*** Supplied records ***
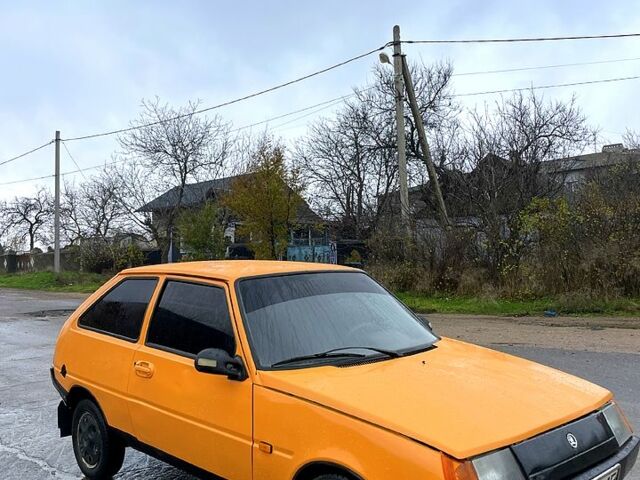 Желтый ЗАЗ Таврия, объемом двигателя 1.3 л и пробегом 200 тыс. км за 650 $, фото 1 на Automoto.ua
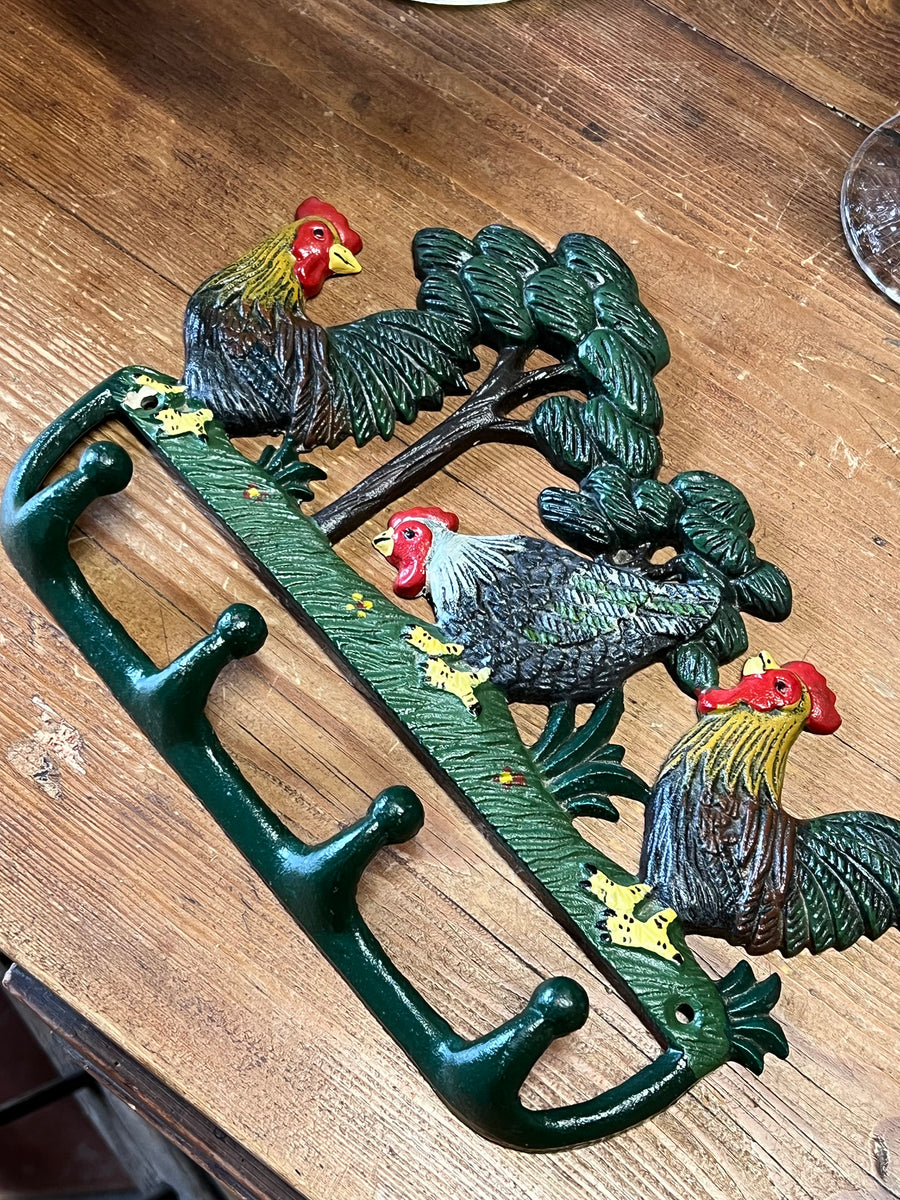 Originale Appendiabiti in ghisa, dipinto a mano con un vivace decoro raffigurante tre galli immersi in un paesaggio bucolico. Perfetto per aggiungere un tocco rustico e colorato alla tua casa, ideale per cucine, ingressi o ambienti dal carattere country chic.

Misure 26x19x2 cm
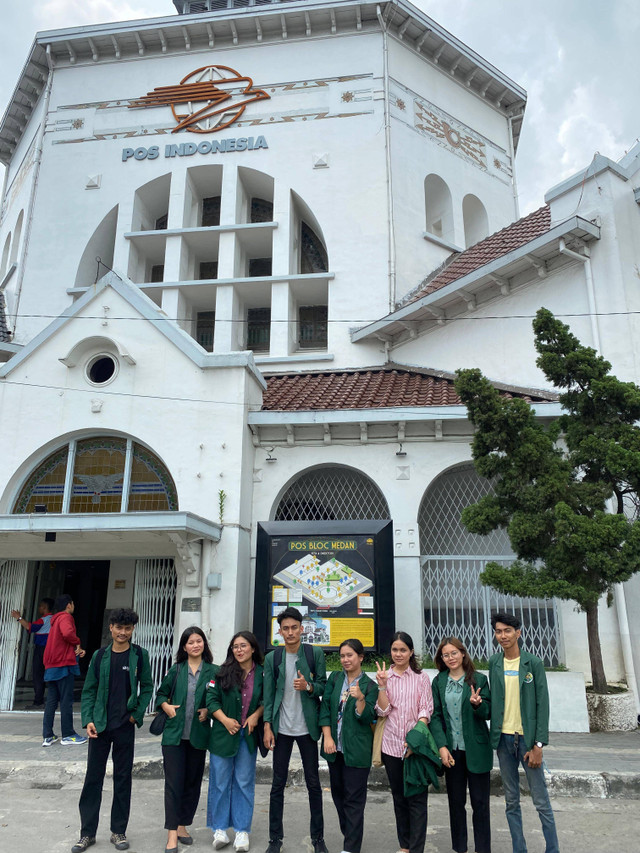 Foto tampak depan Gedung Pos Bloc Medan, Dokumentasi pribadi.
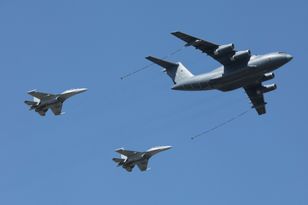 Amerykanie przerzucają kolejne siły. Przelot w ukryciu przed radarami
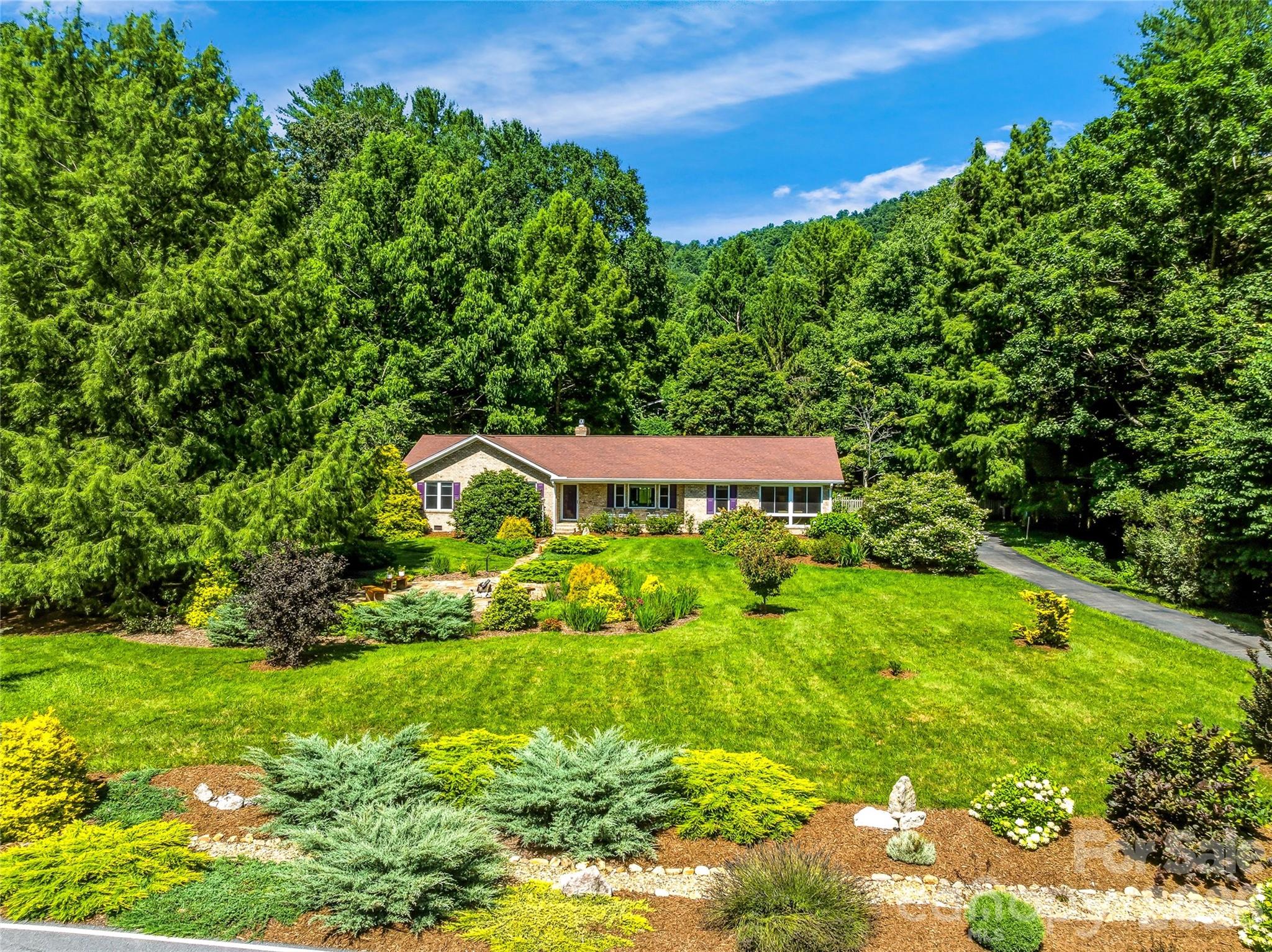 13 Ashley Road — Asheville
***
• _Task objective_
Please transcribe exactly the line containing "Foto tampak depan" and every later line through the end of the records above, omitting pictures.

• _Reply_
 Foto tampak depan Gedung Pos Bloc Medan, Dokumentasi pribadi.
 Amerykanie przerzucają kolejne siły. Przelot w ukryciu przed radarami
 13 Ashley Road — Asheville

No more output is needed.